● Instructions for the task
In the entries below, find the line with "michael kors jet set weekender black mens" and the line with "Sonderaustellung 125 Jahre". Return those two lines and all lines between them, exactly.

(Items from a dataset)
=== Section Start ===

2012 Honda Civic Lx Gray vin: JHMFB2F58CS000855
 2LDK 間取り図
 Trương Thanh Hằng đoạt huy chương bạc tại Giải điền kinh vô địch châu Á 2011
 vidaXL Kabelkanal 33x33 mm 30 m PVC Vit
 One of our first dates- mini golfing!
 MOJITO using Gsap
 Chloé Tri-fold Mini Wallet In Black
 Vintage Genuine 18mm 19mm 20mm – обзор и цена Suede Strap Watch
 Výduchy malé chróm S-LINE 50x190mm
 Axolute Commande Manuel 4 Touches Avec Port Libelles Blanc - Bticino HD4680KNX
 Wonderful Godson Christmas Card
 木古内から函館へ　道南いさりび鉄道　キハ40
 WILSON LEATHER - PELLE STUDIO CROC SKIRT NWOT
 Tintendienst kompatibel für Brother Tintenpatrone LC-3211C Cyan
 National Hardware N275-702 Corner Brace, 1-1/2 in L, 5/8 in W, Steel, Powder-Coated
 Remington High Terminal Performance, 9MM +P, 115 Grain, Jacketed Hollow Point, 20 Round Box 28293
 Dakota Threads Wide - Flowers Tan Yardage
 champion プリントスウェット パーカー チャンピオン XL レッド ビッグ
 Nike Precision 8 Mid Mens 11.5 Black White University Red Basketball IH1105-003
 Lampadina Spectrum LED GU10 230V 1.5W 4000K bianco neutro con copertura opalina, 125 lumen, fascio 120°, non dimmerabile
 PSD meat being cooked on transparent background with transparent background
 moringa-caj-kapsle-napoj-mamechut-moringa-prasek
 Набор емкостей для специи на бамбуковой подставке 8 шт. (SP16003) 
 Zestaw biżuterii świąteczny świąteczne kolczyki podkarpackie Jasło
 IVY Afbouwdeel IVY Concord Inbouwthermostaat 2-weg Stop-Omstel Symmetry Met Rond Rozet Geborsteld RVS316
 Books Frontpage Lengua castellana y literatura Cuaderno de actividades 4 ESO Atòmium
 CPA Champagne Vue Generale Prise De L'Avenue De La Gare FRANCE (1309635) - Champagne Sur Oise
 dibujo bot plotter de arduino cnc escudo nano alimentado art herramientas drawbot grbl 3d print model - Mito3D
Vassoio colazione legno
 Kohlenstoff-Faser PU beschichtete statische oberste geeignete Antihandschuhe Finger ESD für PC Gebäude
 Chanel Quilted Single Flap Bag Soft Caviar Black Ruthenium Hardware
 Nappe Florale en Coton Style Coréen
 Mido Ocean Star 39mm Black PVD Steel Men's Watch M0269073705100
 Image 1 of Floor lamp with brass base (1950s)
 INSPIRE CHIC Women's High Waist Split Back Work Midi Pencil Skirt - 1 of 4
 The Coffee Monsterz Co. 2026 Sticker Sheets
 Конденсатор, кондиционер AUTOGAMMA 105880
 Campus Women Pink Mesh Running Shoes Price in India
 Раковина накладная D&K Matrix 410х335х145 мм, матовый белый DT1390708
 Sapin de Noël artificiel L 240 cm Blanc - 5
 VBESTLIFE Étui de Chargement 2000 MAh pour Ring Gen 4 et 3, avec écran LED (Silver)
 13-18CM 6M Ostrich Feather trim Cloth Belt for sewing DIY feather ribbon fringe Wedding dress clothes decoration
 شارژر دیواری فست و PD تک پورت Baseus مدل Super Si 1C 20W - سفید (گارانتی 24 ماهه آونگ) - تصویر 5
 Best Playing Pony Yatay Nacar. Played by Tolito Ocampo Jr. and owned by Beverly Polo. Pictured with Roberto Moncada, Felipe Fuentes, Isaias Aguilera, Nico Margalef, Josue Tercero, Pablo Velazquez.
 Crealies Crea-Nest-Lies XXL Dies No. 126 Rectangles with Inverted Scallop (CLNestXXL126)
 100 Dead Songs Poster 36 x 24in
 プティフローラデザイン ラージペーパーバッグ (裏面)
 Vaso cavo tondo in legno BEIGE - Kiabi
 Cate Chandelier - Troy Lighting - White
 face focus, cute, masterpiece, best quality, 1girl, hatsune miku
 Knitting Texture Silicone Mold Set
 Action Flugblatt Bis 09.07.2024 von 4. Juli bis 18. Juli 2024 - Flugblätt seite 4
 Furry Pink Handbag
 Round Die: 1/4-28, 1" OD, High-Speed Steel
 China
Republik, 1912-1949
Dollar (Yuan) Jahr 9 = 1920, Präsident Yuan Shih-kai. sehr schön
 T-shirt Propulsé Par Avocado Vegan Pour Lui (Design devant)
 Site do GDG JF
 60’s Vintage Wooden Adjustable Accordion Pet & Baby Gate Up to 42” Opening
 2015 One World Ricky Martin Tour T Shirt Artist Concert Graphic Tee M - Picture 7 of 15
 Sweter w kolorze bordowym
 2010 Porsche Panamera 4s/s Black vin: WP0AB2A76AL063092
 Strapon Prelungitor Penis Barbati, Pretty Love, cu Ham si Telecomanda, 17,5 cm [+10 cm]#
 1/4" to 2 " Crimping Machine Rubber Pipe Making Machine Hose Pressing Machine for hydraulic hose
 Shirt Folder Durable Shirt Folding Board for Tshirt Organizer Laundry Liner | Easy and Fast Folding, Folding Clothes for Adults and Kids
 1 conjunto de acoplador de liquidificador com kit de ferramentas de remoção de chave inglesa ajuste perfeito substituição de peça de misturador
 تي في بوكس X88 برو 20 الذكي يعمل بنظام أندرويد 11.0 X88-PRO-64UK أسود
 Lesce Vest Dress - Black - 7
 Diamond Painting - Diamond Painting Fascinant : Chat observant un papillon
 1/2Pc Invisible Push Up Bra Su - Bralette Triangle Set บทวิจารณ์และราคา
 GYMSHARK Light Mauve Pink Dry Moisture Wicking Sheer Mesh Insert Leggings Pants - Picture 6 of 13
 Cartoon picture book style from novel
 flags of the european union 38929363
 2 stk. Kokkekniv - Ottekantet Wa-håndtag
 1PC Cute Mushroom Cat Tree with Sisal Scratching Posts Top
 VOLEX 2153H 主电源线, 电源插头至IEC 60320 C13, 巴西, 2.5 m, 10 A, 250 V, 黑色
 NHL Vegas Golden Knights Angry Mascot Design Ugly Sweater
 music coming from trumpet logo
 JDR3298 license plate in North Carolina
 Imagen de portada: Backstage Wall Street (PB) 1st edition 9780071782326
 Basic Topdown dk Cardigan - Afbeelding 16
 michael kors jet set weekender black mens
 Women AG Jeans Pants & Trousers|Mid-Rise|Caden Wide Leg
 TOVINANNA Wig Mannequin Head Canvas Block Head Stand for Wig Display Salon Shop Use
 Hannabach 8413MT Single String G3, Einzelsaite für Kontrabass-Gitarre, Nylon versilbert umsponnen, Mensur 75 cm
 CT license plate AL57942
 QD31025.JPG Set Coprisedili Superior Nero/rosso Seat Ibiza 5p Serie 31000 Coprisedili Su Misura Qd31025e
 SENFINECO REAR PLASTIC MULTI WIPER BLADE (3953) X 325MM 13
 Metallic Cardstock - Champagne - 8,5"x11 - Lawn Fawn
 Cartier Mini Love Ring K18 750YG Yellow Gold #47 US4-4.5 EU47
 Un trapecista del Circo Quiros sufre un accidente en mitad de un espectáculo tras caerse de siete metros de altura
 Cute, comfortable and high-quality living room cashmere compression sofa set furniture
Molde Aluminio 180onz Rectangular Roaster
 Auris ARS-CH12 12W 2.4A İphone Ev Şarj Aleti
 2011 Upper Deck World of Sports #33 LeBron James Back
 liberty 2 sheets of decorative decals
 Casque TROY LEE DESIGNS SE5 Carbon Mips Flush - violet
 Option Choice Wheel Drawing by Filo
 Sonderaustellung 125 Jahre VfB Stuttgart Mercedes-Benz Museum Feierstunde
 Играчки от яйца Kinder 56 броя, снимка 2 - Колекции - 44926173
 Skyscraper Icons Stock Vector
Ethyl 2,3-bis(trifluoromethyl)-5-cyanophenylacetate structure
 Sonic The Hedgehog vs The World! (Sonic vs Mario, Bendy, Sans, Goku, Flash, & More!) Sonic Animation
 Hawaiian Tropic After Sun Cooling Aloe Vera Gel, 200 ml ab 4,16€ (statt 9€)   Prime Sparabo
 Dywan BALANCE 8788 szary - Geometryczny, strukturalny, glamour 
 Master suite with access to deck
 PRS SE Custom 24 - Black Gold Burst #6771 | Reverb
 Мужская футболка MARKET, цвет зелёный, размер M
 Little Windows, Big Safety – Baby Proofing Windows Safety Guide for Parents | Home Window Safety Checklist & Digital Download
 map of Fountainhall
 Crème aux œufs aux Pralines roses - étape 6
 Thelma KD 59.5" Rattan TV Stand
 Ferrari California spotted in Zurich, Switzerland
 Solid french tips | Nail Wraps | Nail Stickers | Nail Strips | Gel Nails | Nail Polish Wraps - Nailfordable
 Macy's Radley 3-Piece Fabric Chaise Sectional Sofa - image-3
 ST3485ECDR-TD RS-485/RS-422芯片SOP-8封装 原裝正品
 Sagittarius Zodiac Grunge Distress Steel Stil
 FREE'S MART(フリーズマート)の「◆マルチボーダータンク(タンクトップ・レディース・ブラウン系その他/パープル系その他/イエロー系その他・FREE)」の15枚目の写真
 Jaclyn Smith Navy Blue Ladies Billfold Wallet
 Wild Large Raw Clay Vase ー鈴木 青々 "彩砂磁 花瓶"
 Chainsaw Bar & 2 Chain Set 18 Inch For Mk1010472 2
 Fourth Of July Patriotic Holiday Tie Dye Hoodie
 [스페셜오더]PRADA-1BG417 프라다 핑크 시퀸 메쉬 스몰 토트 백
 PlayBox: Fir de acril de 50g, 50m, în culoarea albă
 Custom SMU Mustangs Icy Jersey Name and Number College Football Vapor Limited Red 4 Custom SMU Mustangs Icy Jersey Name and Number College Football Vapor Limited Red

=== Section End ===

● Solved exercise
 michael kors jet set weekender black mens
 Women AG Jeans Pants & Trousers|Mid-Rise|Caden Wide Leg
 TOVINANNA Wig Mannequin Head Canvas Block Head Stand for Wig Display Salon Shop Use
 Hannabach 8413MT Single String G3, Einzelsaite für Kontrabass-Gitarre, Nylon versilbert umsponnen, Mensur 75 cm
 CT license plate AL57942
 QD31025.JPG Set Coprisedili Superior Nero/rosso Seat Ibiza 5p Serie 31000 Coprisedili Su Misura Qd31025e
 SENFINECO REAR PLASTIC MULTI WIPER BLADE (3953) X 325MM 13
 Metallic Cardstock - Champagne - 8,5"x11 - Lawn Fawn
 Cartier Mini Love Ring K18 750YG Yellow Gold #47 US4-4.5 EU47
 Un trapecista del Circo Quiros sufre un accidente en mitad de un espectáculo tras caerse de siete metros de altura
 Cute, comfortable and high-quality living room cashmere compression sofa set furniture
Molde Aluminio 180onz Rectangular Roaster
 Auris ARS-CH12 12W 2.4A İphone Ev Şarj Aleti
 2011 Upper Deck World of Sports #33 LeBron James Back
 liberty 2 sheets of decorative decals
 Casque TROY LEE DESIGNS SE5 Carbon Mips Flush - violet
 Option Choice Wheel Drawing by Filo
 Sonderaustellung 125 Jahre VfB Stuttgart Mercedes-Benz Museum Feierstunde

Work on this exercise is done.